Many more, Your Holiness, many more. We need you.
If you start looking into Buddhism's arrival in the West, though, you'll eventually run up on this sentence (as long as we're talking about sentences): “The coming of Buddhism to the West may well prove to be the most important event of the twentieth century.” Arnold Toynbee, the imminent British historian of the last century, is purported to have said this, and the statement pops up all over the internet, as does the question, "Did Toynbee really say this?" No one knows; not even Google. But it points us to a sentiment that His Holiness elicits from many of us in the West: the Dalai Lama has carried on his back, over the last half-century, to all corners of the earth, his message of nonviolence, peace, compassion, kindness, love and human rights, which also, by the way, is identical to the version of Tibetan Buddhism that he offers up for public consumption everywhere he goes. No religious tradition that I am aware of—assuming you consider Buddhism a religion, which the Buddha didn't, and which many others, myself included, don't—no other religion, however you define it, has had such an influential spokesperson. His Holiness is simply the hardest working man in the spirit business. That our lives have been enormously enriched by His Holiness is an understatement. So he fled Tibet, and many of us in the West have benefited.
But let's look at the other side of this issue. Suppose His Holiness had never needed to write that autobiography? Or at least if he did write one, it began with another sentence altogether. Suppose his autobiography had begun with the sentence, "I have lived in Tibet, in relative peace, for seventy-seven years." Suppose there had been no Chinese invasion, no forced exile, no cultural genocide, no torture, no slaughter, no deforestation, no shrinking of the Third Pole, and no arrival of Tibetan Buddhism in the West at the hands of the ablest religious diplomat the twentieth and twenty-first centuries have seen?
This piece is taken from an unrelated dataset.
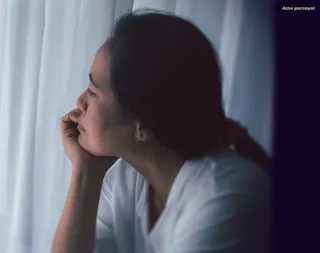 A person in a white shirt looks contemplatively out a window with sheer curtains.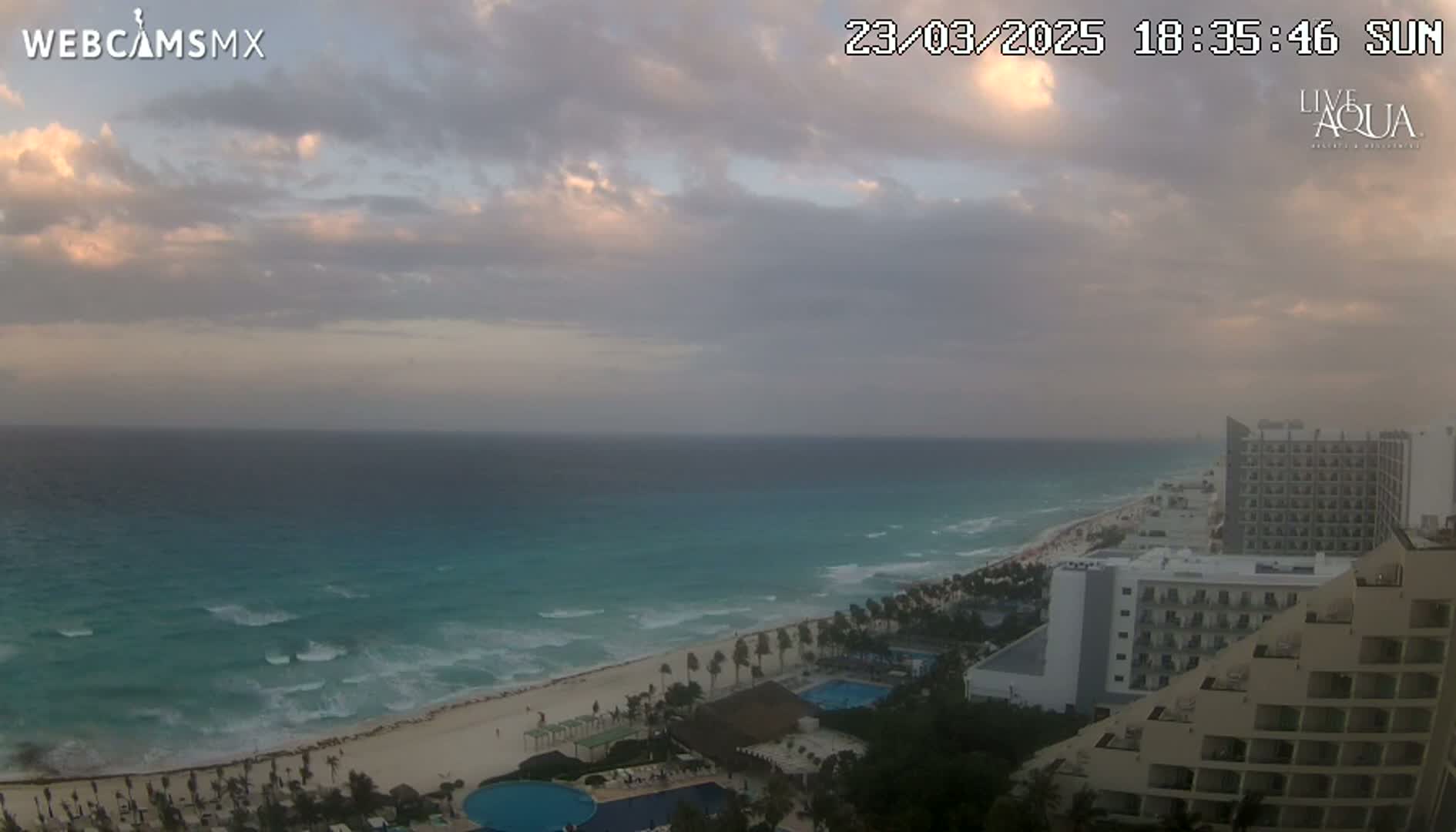A partly cloudy sunset over a turquoise ocean with waves breaking on a sandy beach, overlooking resort hotels.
What then?
Many of us in the West can't imagine our lives without His Holiness's teachings, without his example. And he doesn't work alone. Other great Tibetan teachers have arrived in his wake, and some came before he arrived in 1979, and many of these have been equally capable and adept at explaining to us the nature of reality in a way that connects immediately with our day-to-day lives—a kind of Spiritual Physics for the Masses. Maybe Toynbee was right.
As Westerners, though, we must remember that Tibetans rightfully tire of hearing us declaim ad nauseam about the somehow inevitable—maybe even ordained—spread of Tibetan Buddhism beyond its indigenous and original borders. So we have to ask ourselves: what is the cost of our happy discovery of a spirituality we had known relatively nothing about before the 1960's and one that has helped us handle the rampant materialism that is popping up everywhere from the reality TV shows that feature the howling housewives to the pyramid schemes that leave thousands defrauded of their retirement funds? The answer to that question? Here's a start at figuring the cost: the lives of 1.2 million Tibetans; 6000 Buddhist temples; countless sacred manuscripts and works of sacred art; the severing apart of families; the continuing torture of thousands upon thousands of Tibetans; the enclosure of the Tibetan nomads; the attempted eradication of the Tibetan language; the re-education of the Tibetan people according to the propaganda spewed forth by the People's Republic of China.
That is the price that was paid, and is being paid, by the Tibetan people for our own spiritual prosperity.
Let's make sure and keep this in mind as well, as we wish His Holiness a happy birthday.
The Fourteenth Dalai Lama is indeed a gift to the civilized world, or what's left of it, outside of Tibet, and most of all to the Tibetan people, who are struggling mightily inside of Tibet now, where His Holiness and all Tibetans belong, should they ever be allowed to return there, or should they decide to do so, and should their choice ever be honored by the Chinese government.